Targeted IL-12 Nanodelivery by CAR T Cells in Combination with PD-L1 Blockade for Enhanced Cancer Therapy

The development of chimeric antigen receptor (CAR)-T cell therapies has seen significant advancements in treating blood cancers, yet challenges remain in enhancing their efficacy and minimizing side effects. A new approach involves the use of a CRISPR activation system to control the expression of IL-12, a cytokine that can potentially transform a hostile tumor microenvironment into one that supports immune response.

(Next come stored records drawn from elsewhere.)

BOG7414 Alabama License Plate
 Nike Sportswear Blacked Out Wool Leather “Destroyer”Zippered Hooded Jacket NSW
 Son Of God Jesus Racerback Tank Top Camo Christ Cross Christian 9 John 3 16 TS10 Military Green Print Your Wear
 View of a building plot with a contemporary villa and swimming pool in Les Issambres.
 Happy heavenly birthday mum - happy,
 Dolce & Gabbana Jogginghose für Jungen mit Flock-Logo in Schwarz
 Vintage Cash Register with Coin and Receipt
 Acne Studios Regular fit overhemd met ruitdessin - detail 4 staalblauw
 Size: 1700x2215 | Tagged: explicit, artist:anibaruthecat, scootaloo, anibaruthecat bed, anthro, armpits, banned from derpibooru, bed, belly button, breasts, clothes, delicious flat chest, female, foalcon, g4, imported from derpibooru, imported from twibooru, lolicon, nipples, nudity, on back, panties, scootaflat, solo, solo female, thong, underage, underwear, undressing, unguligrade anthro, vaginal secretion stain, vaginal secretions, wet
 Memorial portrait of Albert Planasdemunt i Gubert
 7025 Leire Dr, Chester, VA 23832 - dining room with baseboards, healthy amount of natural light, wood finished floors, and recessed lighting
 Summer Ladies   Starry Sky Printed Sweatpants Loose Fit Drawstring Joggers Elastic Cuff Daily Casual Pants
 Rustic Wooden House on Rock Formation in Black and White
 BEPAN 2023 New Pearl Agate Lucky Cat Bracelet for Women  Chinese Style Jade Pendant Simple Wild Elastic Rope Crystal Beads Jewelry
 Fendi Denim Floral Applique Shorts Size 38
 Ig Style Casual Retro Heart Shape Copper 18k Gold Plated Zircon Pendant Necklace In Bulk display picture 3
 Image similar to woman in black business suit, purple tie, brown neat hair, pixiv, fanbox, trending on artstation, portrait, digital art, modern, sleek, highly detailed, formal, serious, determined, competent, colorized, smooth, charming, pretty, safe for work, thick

A novel CAR-T cell therapy, RB-312, targets the HER2 receptor and is equipped with a CRISPRa system designed to trigger the production of IL-12. This system consists of two components: one that expresses a HER2-specific CAR with co-stimulatory domains and another that encodes a fusion protein capable of activating the IL-12 gene upon interaction with the CAR component.

In vitro tests have shown that this CAR-T cell therapy can boost the production of interferon-gamma, enhance cytotoxicity, and improve CAR-T cell proliferation. In vivo studies have demonstrated prolonged persistence of the therapy and increased suppression of cancer cell growth, with no detectable systemic IL-12, thus reducing the risk of systemic toxicity. The combination of this therapy with PD-L1 blockade has also shown promising synergistic effects.

RB-312 represents an innovative CAR-T cell therapy that leverages a CRISPRa system for non-editing, reversible upregulation of IL-12, which could lead to better persistence and effectiveness against HER2-expressing tumors while limiting the risk of off-target effects and systemic toxicity.